Scale and perspective are a thematic focus of your work, with life-size figures cropped, glitched and framed within the restricted sizes of the panel. This could be seen as a modern technique, birthed from cameras and the use of digital technology. Is it important to incorporate such a contemporary approach with such a historically rooted subject matter?


It’s not so much that it is important but unavoidable. We can’t escape or erase the influences we are subject to, and if they pour over the work naturally then that’s great! I don’t have the knowledge or skills or intention to fool people into thinking it’s an object from the past, and the fact that it’s made now should be evident, one would hope.

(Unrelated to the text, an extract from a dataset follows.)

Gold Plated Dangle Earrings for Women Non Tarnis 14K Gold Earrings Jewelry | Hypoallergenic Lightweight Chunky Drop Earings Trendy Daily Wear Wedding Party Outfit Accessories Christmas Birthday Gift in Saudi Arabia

Pastel colours and the absence of layers are a way of establishing flatness within your picture planes, which gives the work a surrealist aesthetic. However, it can also be linked to our contemporary way of viewing and processing art through flat surfaces – screens. Are any digital programs used in the making process? How do you consider the digital within your work?

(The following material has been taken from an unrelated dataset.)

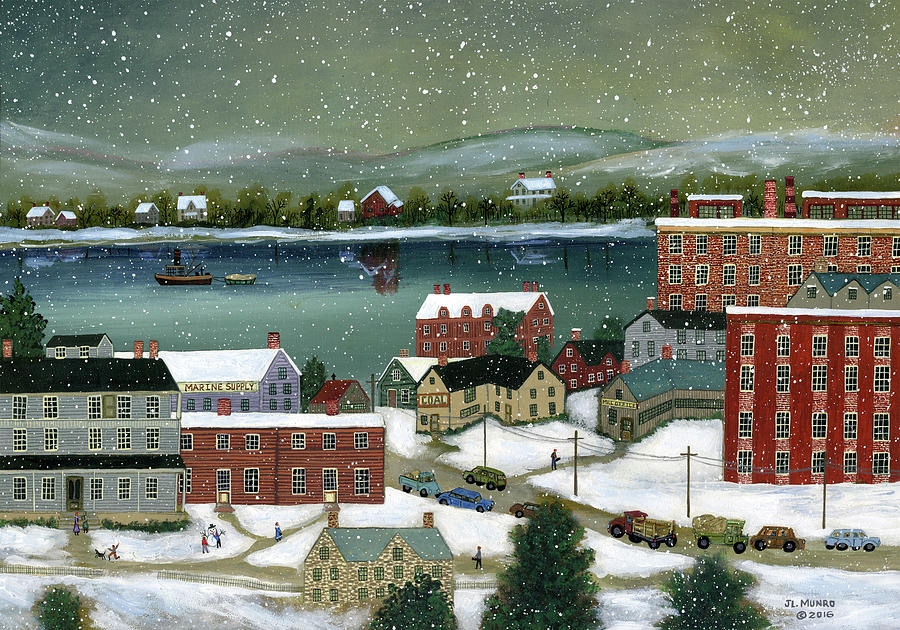 Car Painting - Winter on the Hudson River by Janet Munro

I use images, I use Google a lot for small things, like Googling images of fruits or plants but I transcribe them into the board quite freely so it’s not a direct link to the digital file. Many times I use pictures from my phone but I tend to print those to avoid increasing my screen time.

The areas of research for your work are broad, covering both visual and text-based references. Does your experience with text feel more conducive to producing distinctive compositions?

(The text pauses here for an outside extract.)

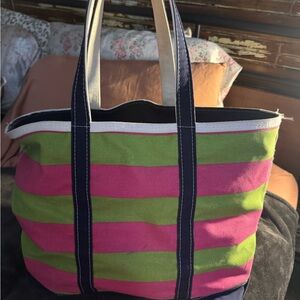 Vintage Striped Canvas  L.L Bean Tote Bag - Pink and Green large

Text is always a great way into a painting. I like illustrating stories, so most of my characters would be characters from history, books or folkloric culture. I like imagining what the adjectives they are being described with would look like visually.

Text is also utilised through your consistent dialogue with writers. What motivated you to recently work with writer and artist Cora Sehgal Cuthbert?

For Las Soledades, my solo exhibition at Steve Turner Gallery in LA, I asked writer and artist Cora Sehgal Cuthbert to write about the subject of the exhibition, the ‘Desert Mothers’. We had a series of conversations and a long back and forth creating a symbiosis between the paintings and the text. I am very interested in this collaboration between literature and painting and it’s something I want to explore more.

In your new body of work you are reimagining ‘Metamorphosis(8 AD) by Ovid. Are the key elements, characters, and narratives in your paintings depicted at an intangible, tense moment before things change?

This series will be presented in my upcoming solo exhibition “A Change (Will Do You Good)” at Hannah Barry Gallery in May 2022. Ovid’s Metamorphoses is a very hard subject to depict as it has been recreated incessantly through the centuries, but I totally understand why, it’s fascinating. I am trying to not portray my Dianas, Danaes Arachnes and other characters as I have seen them, but try to shed a new light on them, from their perspective moments before the changes occur.


There is so much to it, it’s so visual, erotic and brutal. It’s a book about everything, so how is it not going to be used as a subject matter for art? A celebration of change; one of the scariest things that can happen to us but also the one thing we can be sure of. A terrifying delight.


Your practice has already seen quite significant changes and perhaps metamorphosis could be a metaphor for your artistic development. With this in mind, how do you see your artwork changing in the near future?

I have a list of other series I want to develop. Some are characters that exist in the same universe as my past ones but I am eager to develop some of the ways in which I will present them.


In preparation for your solo show “A Change (Will Do You Good)” with Hannah Barry Gallery in May, are you considering the gallery space as a site where these timeless new works can be displayed chronologically? How will the composition and colour of the works address the theme of transformation and time?

In the exhibition, you will travel through the different times of the day in order to highlight the ever-moving quality of the story (and of the world), the sky above does its own thing while characters are placed on the ground carrying out their own fates.